As a result of our work we have been able to establish a parallel between biphonic singing and the technique of the Jew’s harp. As in the case of biphonic singing the Jew’s harp produces several different voices, the drone, the main melody and a counter melody. We may consider this third voice as a counter melody which may be produced on a conscious level but can presumably not be controlled. As far as possibility of variation is concerned, biphonic singing is the same as normal singing except in connection with pitch range.

The time of execution is evidently a function of the thoracic cage of the singer and thus of breathing, since the intensity is related to the output of air. Possibility of variation with regard to intensity is on the other hand relatively restricted and the level of the harmonics is connected to the level of the drone. The singer has to try and retain a suitable drone and produce the harmonics as strongly as possible. We have already observed that the clearer the harmonics the more the formant is narrow and intense. We are able furthermore to observe connections between intensity, time and clarity. Possibility of variation in relation to tone quality may pass without comment, since the resulting sound is in the majority of cases formed from a drone and one or two harmonics. The most interesting question is that of pitch range.

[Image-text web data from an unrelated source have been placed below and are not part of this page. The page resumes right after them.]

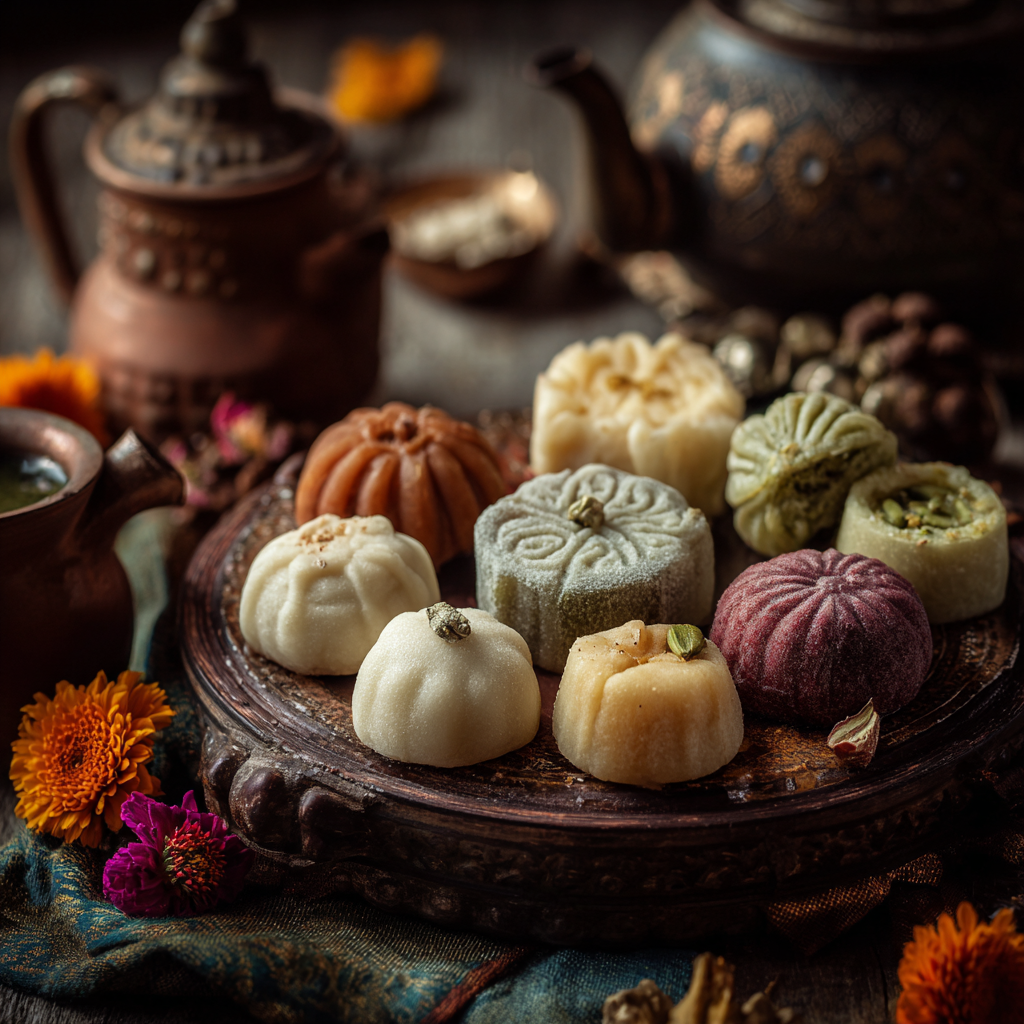 Diwali_Wallpaper_91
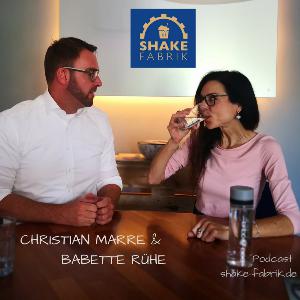 Gesundes Trinkwasser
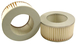 Filtre A Air HIFI SA 12395 HIFI FILTER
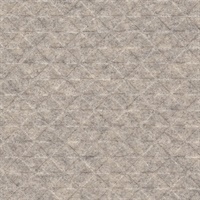 Nufelt Bowtie Carefree Acoustical Wallcoverings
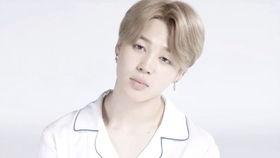 朴智旻私生饭爆料视频,揭秘明星隐私与粉丝追星界限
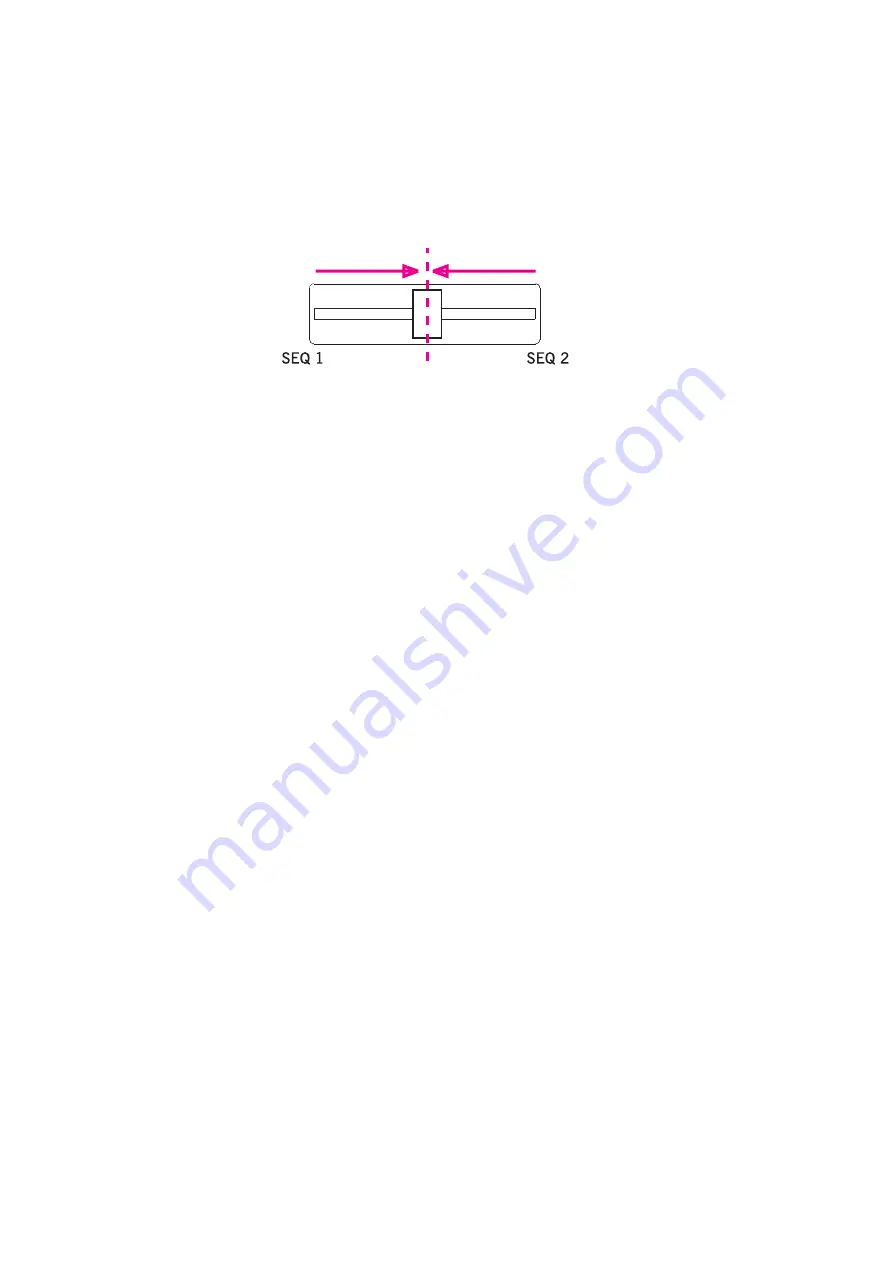 Korg microARRANGER Owner'S Manual Download Page 4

It is generally accepted that, for a sensible tonality (in consideration of the performer and of the piece to be performed a singer may modulate or choose between harmonics 5 and 13. This is true but should be stated more precisely. The range is a function of the tonality. If the tonality is on C2, the range represents nine harmonics from the fifth to the thirteenth, this involving a range of a major thirteenth. If the tonality is raised for example to C3 the choice is made between six harmonics, numbers 3 to 8 (see Table 2), representing an interval of an seventh. The following remarks should be made in this context. Firstly, the pitch range of biphonic singing is more restricted than that of normal singing. Secondly, the singer theoretically selects the tonality which he wishes between C2 and C3. In practice however, he instinctively produces a compromise between the clarity of the second voice and the pitch range of his singing, since the choice of the tonality is also a function of the musical piece to be performed. Thus if the tonality is raised, for example to C3, the choice of harmonics is restricted but the second voice is very clear. In the case of a tonality on C2 the second voice is more indistinct while the pitch range is at a maximum. The clarity of the sounds can be explained by the fact that in the first case, the singer is only able to select a single harmonic, whereas in the second case, he may select almost two (see Fig.5). As far as pitch range is concerned, it is known that the movement of the buccal resonators is independent of the tonality of the sounds produced by the vocal chords, or, put in another way. The singer always selects harmonics in the same zone of the spectrum whether the harmonics are broad or narrow.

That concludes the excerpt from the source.